Old friendships are worth tending, nurturing and growing because these are the people who love us and see the best in us in spite of our flaws. Over the course of a lifetime, you may have a handful of really deep and intimate friendships. Sometimes these few friendships are enough. They are so comfortable that the idea of making new friends seems unnecessary — and even a little intimidating.

Why is it worthwhile to expand your circle of friends and reach out to new people? There are several reasons:

  • Although no one can replace old and dear friends, new people in your life can open new possibilities for you intellectually, professionally, physically and spiritually. New people in your life expose you to new ideas, hobbies, interests, perspectives, and opportunities.
  • New friends allow you to tap in to areas of yourself that are dormant or yet to be discovered. I recently became a member of a blogging club, and I have learned so much about myself, my untapped abilities, and new career possibilities. Plus, I have new friends all over the world who have invited me for a visit!
  • New friends broaden your sphere of influence. Do you have something valuable to offer the world? It doesn't have to be a great idea or service or product.  Even the smallest acts of kindness, love and generosity shared with another has a ripple effect on the world. There is no better place to start this ripple than with a friend.
  • One new friend can provide you with a network of potential additional new friends. You will be introduced to the friends of your new friend, and your circle of friendships can continue to grow exponentially if you desire it.
  • Putting yourself out there and reaching out to other people forces you to step out of your comfort zone and to stretch yourself. It might be uncomfortable at first, but the pay-off is tremendous. Don't let shyness or inertia prevent you from enjoying the shared value and benefits of interesting new friends.

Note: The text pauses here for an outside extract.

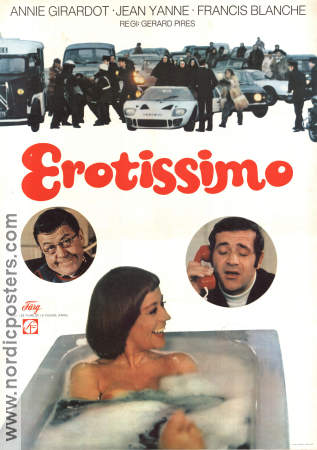 Erotissimo 1969 movie poster Annie Girardot Jean Yanne Gérard Pires Cars and racing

If you agree with the premise that making new friends is a valuable part of personal growth, then the next step is taking action toward creating those friendships.

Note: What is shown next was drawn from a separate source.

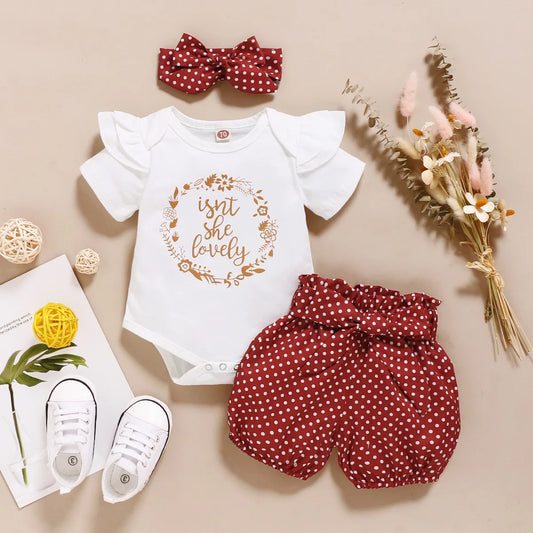 Newborn Baby girl Set Printed Short sleeved Polka Dot elastic tied bow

This is not a passive activity. There are things to be done!

1.  Who are you seeking? Spend some time thinking about where to start. Although many friendships happen organically, if you are actively seeking new friends, you have to plan for it. Are you looking to expand your professional network? Do you want a companion with whom you can enjoy activities or hobbies? Do you want someone who will fit in with your existing circle of friends? Determine what you are looking for in a friendship, as this will help guide you to places to find these friends.

2.  Where can you find them? Think about places where you might meet some of these people.  Join networking groups, clubs or organizations for your hobbies, social groups at your place of worship, book clubs or volunteer activities. If you are more introverted, this will be a stretch for you, but do it anyway. Reach out to other people at these events and initiate conversations.

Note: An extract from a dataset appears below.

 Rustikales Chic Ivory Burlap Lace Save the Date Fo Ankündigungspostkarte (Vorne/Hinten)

3.  Learn the art of conversation. This comes naturally for some, but not for everyone. The key is being truly curious and interested in people, because everyone has something unique to offer. The art of conversing with someone new can begin by finding  areas of commonality.  Ask questions of this potential new friend so you can find shared interests and experiences. Look the person in the eye and show real interest in what they are saying, without looking around at others in the room.  Use their name several times during the conversation to help you remember the person. Don't forget to exchange business cards, email addresses or phone numbers.

4.  Take advantage of unexpected connections. If you have been invited to party or other event, make a point of reaching out to new people rather than socializing solely with the same group of friends. Introduce yourself and strike up a conversation. Be approachable and authentic so that people feel comfortable talking with you.

5.  Be the connector. After you have met someone new who has “friend potential,” take the initiative to follow up. Contact them and suggest getting together for lunch or an activity you both enjoy. Be sure the activity allows you time to talk with your new friend to get to know them better. If you don't want the pressure of a one-on-one meeting, include the new person in a group event or with another established friend or two. You may need to be the connector for a while until the friendship is established.

6.  Be neighborly. Sometimes potential great friendships are right in our back yards — literally. It's surprising how many people don't really know their own neighbors. Invite some neighbors over for coffee or cocktails. Arrange a block party or a progressive dinner. Get to know the people right around you. These can be some of your best and most convenient friendships!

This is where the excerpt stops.